* _Problem details_
Nothing but the lines from the one containing "Čierny TV stolík" through the end of the data should be retyped, exactly as they stand, and pictures should not be retyped.
---------- Exercise data
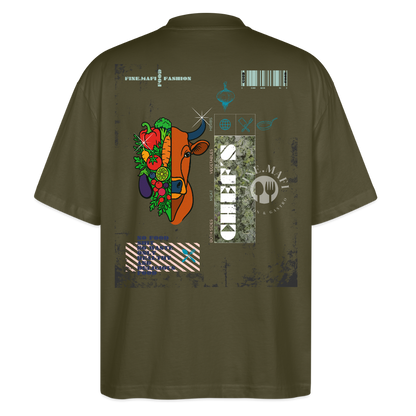 FINE.MAFI Oversized Unisex Bio T-Shirt Both Sides Cow - Khaki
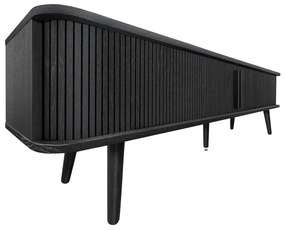 Čierny TV stolík v dekore duba 178x50x40 cm Rove – Woodman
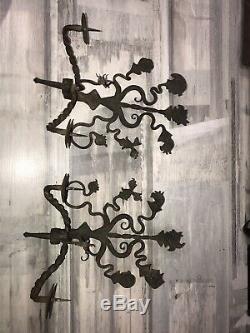 RARE PAIRE D APPLIQUES fer forgé 18/19eme Candelstick chandelier art populaire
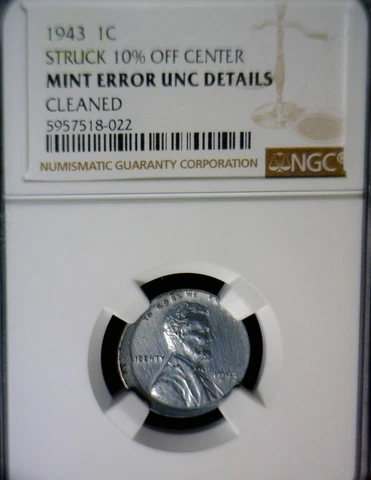 1943 ERROR NGC UNC. / BU OFF CENTER STEEL Lincoln Wheat Cent Coin NICE O/C  NR Cover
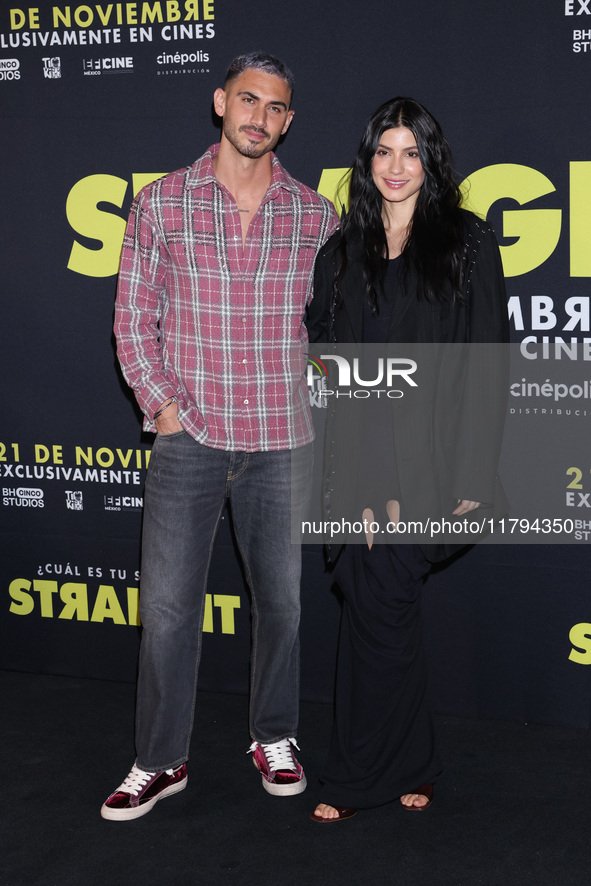 Alejandro Speitzer and Barbara Lopez attend the press conference to promote the movie ''Straight'' at Cinepolis Plaza Carso in Mexico City,...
--------------------
* _Solution for this problem_
 Čierny TV stolík v dekore duba 178x50x40 cm Rove – Woodman
 RARE PAIRE D APPLIQUES fer forgé 18/19eme Candelstick chandelier art populaire
 1943 ERROR NGC UNC. / BU OFF CENTER STEEL Lincoln Wheat Cent Coin NICE O/C  NR Cover
 Alejandro Speitzer and Barbara Lopez attend the press conference to promote the movie ''Straight'' at Cinepolis Plaza Carso in Mexico City,...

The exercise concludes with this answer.